These days, the new information about Crytpsy exchange came up! A huge legal dispute between the customers of collapsed cryptocurrency exchange and the very business has caught in a trap one of the digital currency world’s largest startups. In December 2016, former customers of Cryptsy filed a complaint against Crypsty and its CEO Paul Vernon, accusing them for laundering millions of dollars of their funds through Coinbase exchange over a several-year period as a part of a bid to flee with their money.
The main focus of the argument is on Coinbase’s ignorance or knowledge about this huge scam. Former customers claim that Coinbase exchange, as a regulated money service business that is operating in more than 30 states, could have known that the sum of aproximately $8.3 million – which Vernon allegedly claimed were profits from Cryptsy’s operations, regarding also his activities – came from a suspicious source. This case is the last twist in long, global Cryptsy saga.

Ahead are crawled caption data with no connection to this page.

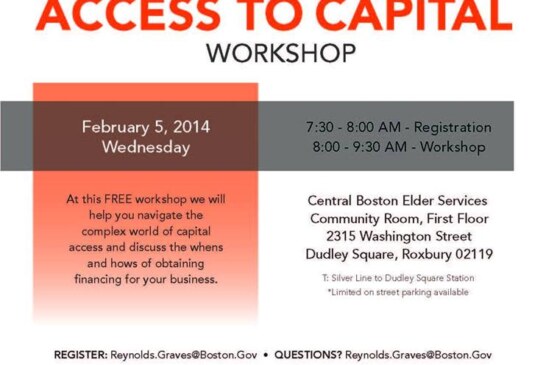 Access To Capital Workshop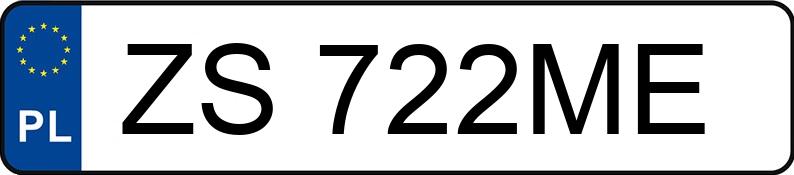 Numer rejestracyjny ZS 722ME posiada AUDI A4 - ZS722ME Numer rejestracyjny ZS 722ME posiada AUDI A4 - ZS722ME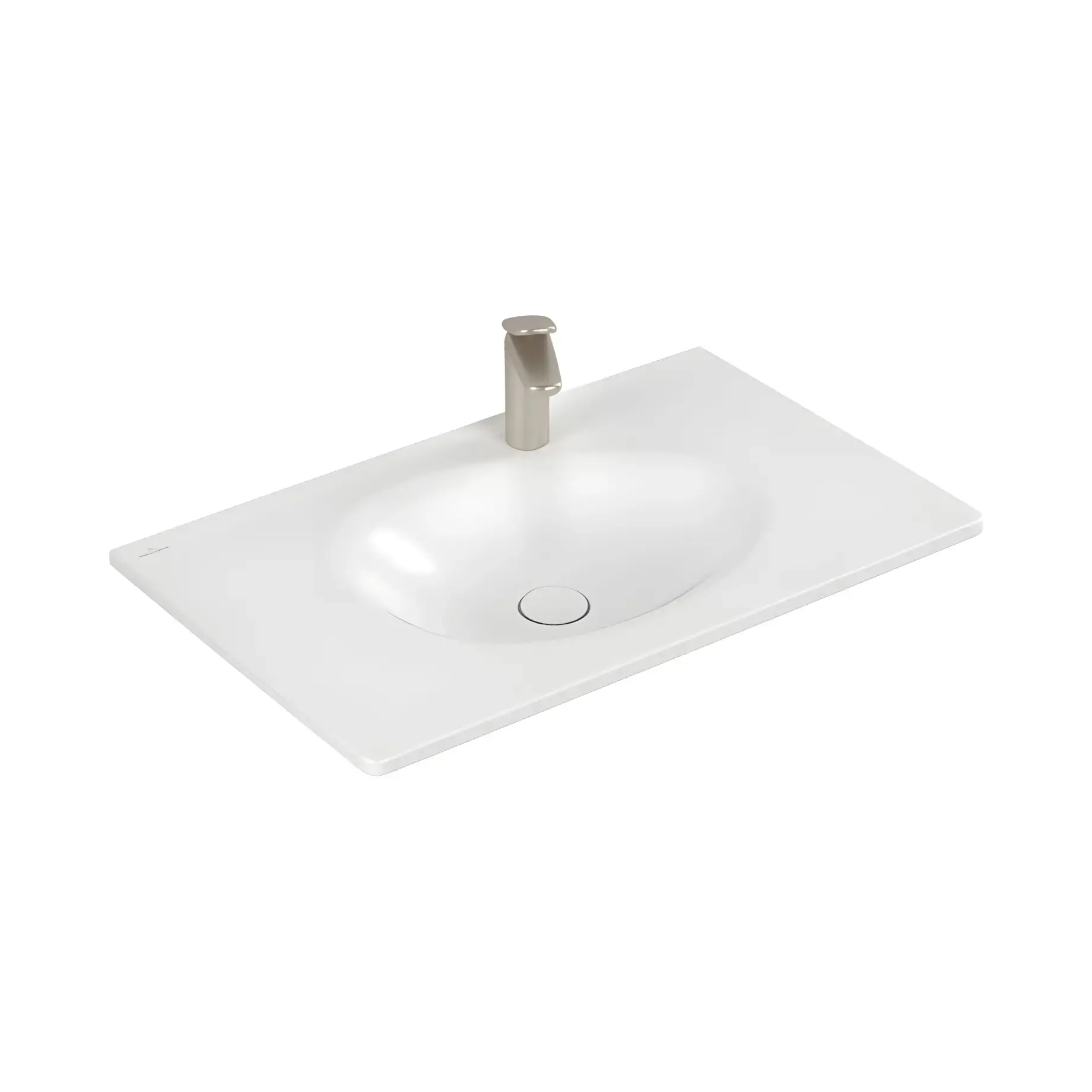 Умивальник Antao Villeroy & Boch 4A7581RW Stone White CeramicPlus — вид на білому тлі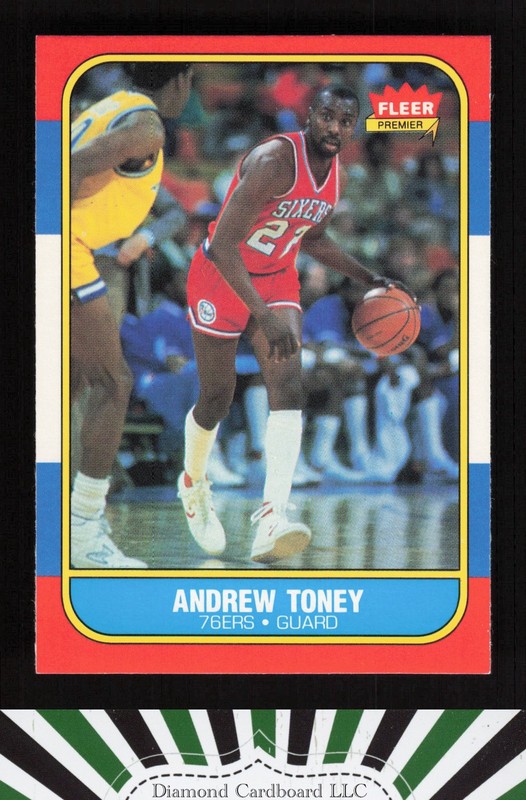1986-87 Fleer #114 Andrew Toney NMMT, front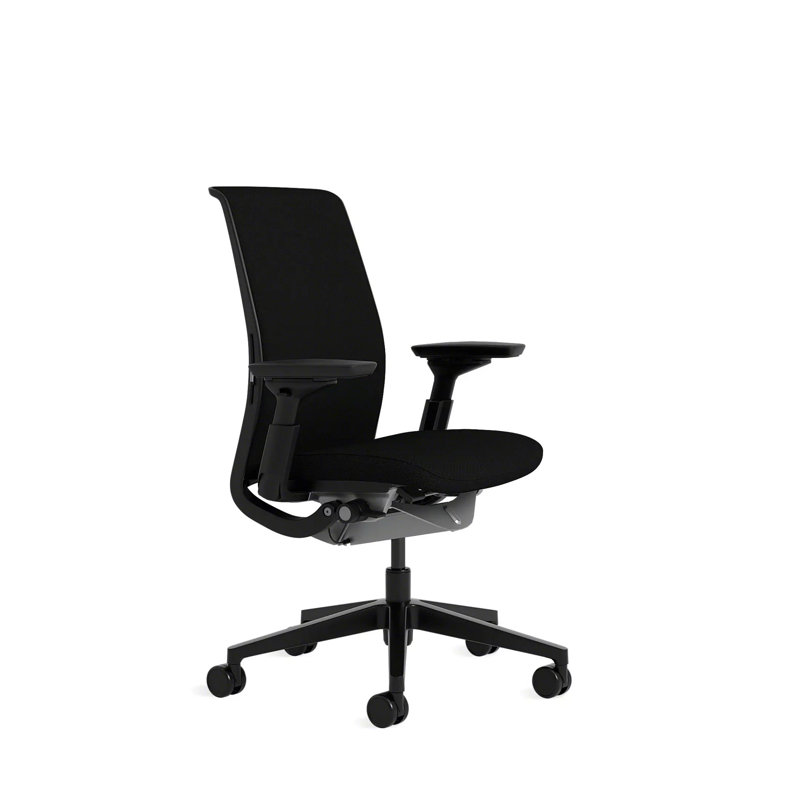 Think® Task Chair, Black, Hard Floor Casters, Onyx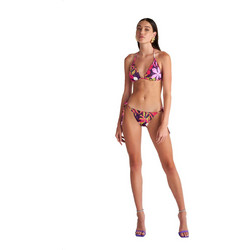 BLU4U Bikini Set Τριγωνάκι Floral Φούξια Σοκολατί 25357700-11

Cryptsy, as the exchange with the biggest trading volume for alternative cryptocurrencies, closed its doors in late 2015, after a long period of service issues, escalating more and more. All trading was blocked in January of 2016, and just several days after the event, the exchange went completely offline, announcing that the huge theft occurred.

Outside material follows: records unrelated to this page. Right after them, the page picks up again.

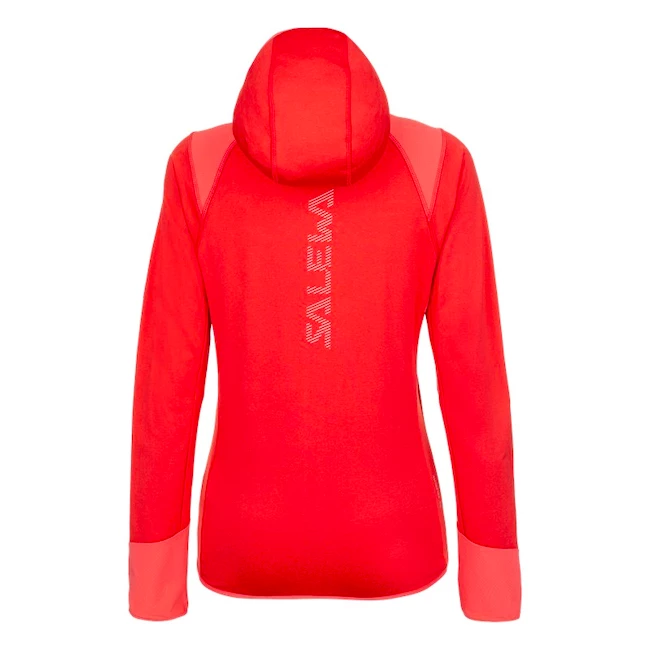 Sweat-shirt Pour Femme Salewa Agner Hybrid PL/DST Calypso Coral Mel 4 Sweat-shirt Pour Femme Salewa Agner Hybrid PL/DST Calypso Coral Mel – Image 4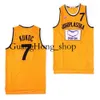 S GH Toni Kukoc 7 Jugoplastika Split Movie Movie College Maglia da basket gialla Taglia S-XXL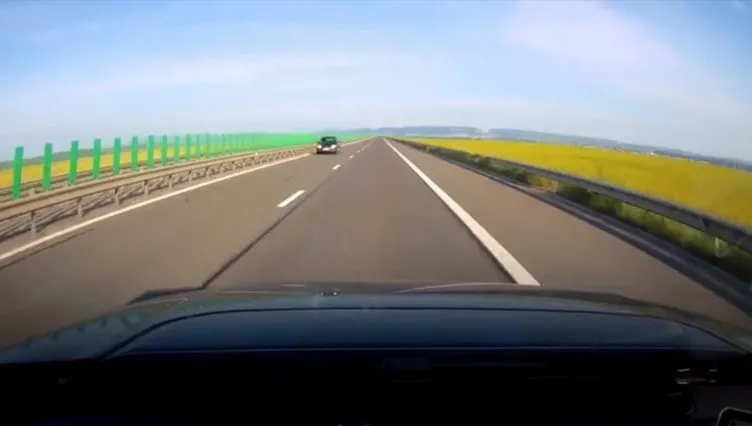 VIDEO | Şoferiţă filmată conducând pe contrasens pe Autostrada A3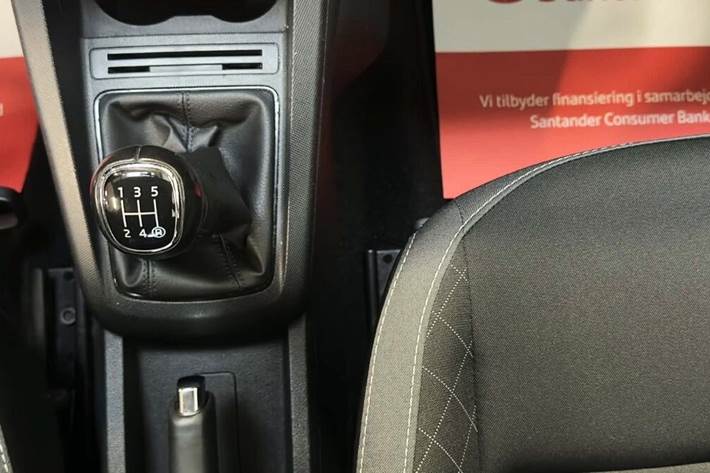 Grå Skoda Fabia fra 2020
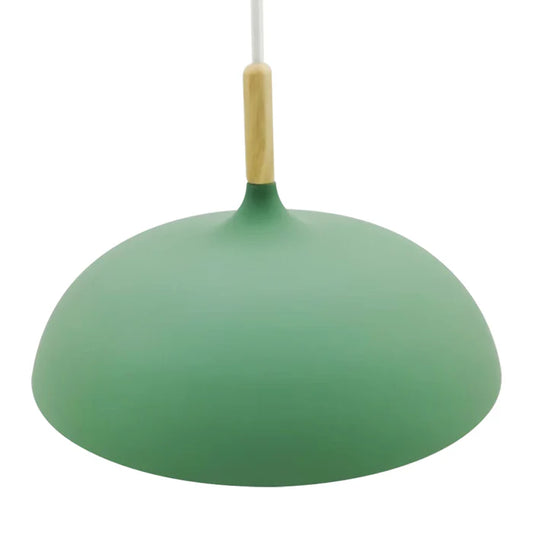 Modern Green Pendant Lamp with Wooden Accent (PL 7684-GR)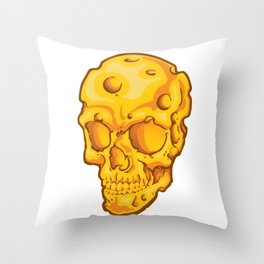 Cheesehead Skull Throw Pillow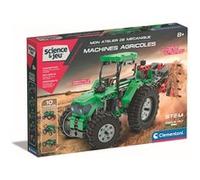 Clementoni - Science et Jeu - Mon Atelier de Mécanique - Machines Agricoles - Jeu de Construction et d'Imagination - 10 Modèles - pour Enfants à Partir de 8 Ans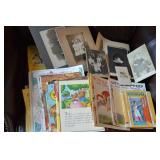 Collection of Antique Photographs, Vtg Books,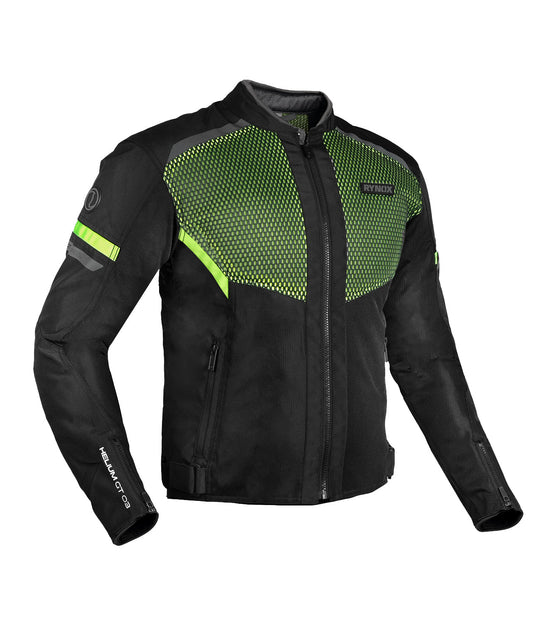 Rynox Helium GT3 Riding Jacket (Black Hi Viz Green)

Shortly after that, the lawsuit action was filed in Florida, a court-appointed receiver took control over Cryptsy’s funds in the spring of 2016, setting the stage of a settlement agreement between former customers and Vernon’s ex-wife, who was also mentioned in the original suit. Cryptsy’s CEO Vernon did not respond to the suit, denying allegations that he stole millions of dollars from his customers. Those funds are now the center of the case between Coinbase and Cryptsy’s former customers.

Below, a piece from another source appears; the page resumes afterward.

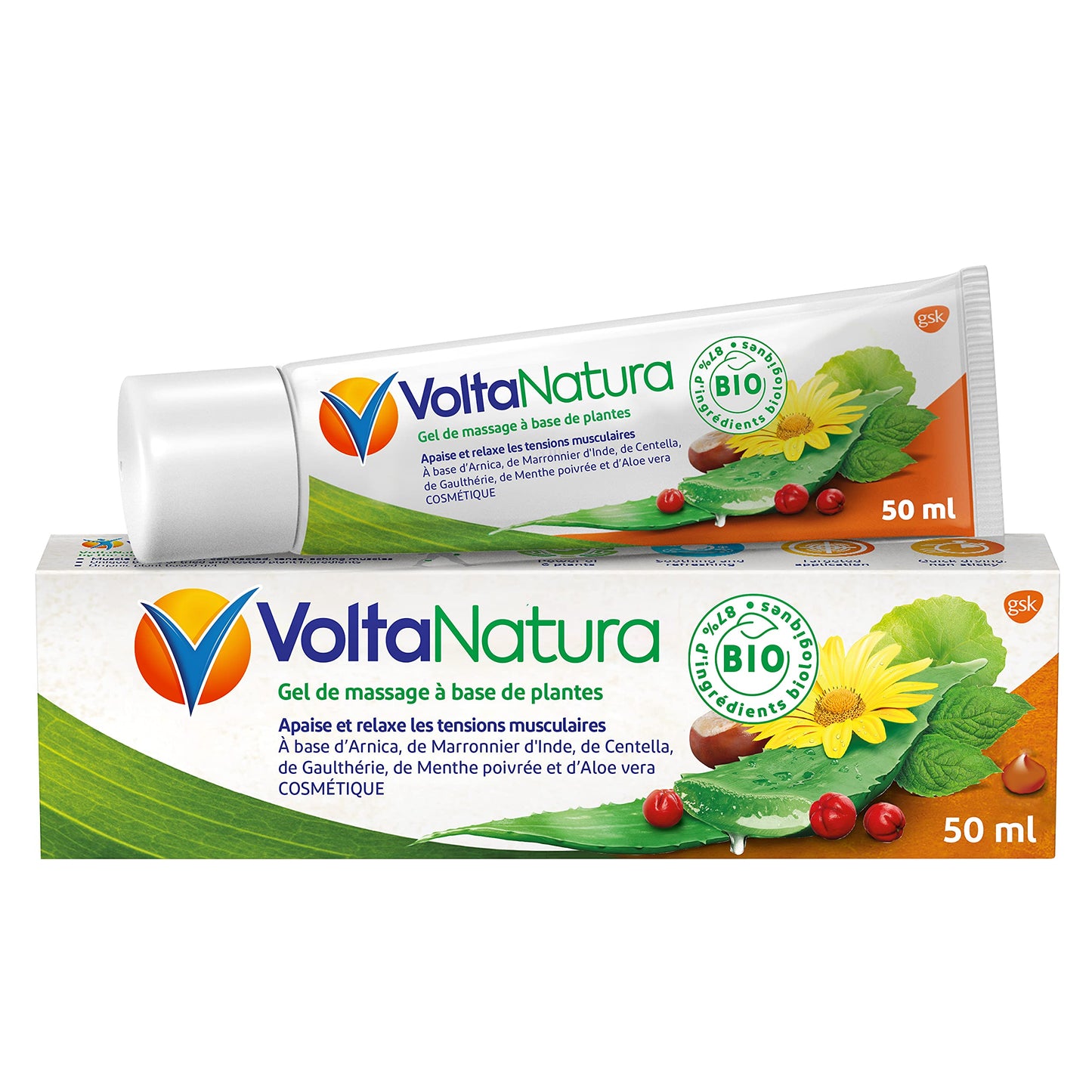 VoltaNatura Gel de Massage Bio – 50 ml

The board of Coinbase didn’t wish to comment on this lawsuit, but decided to try to negotiate the dispute through arbitration, citing user agreements that Vernon signed when Cryptsy first started exchanging funds through Coinbase. Later, judge Marra concluded that users were not bound by the agreement signed by Paul Vernon.
What will be the next step? Judge Marra’s decision now blocks any efforts to resolve this case outside the court, setting the stage for discovery and for the suit to advance further. A wider class-action suit is also moving forward. In this one, Cryptsy’s former customers seek to get back their funds that were lost during the exchange’s collapse. Sources say that the legal team standing behind this class-action suit is preparing for its first distribution of funds that were taken from the settlement with Vernon’s ex-wife. This process should be done in next several months. Coindesk is a subsidiary of Digital Currency Group which has an ownership stake in Coinbase.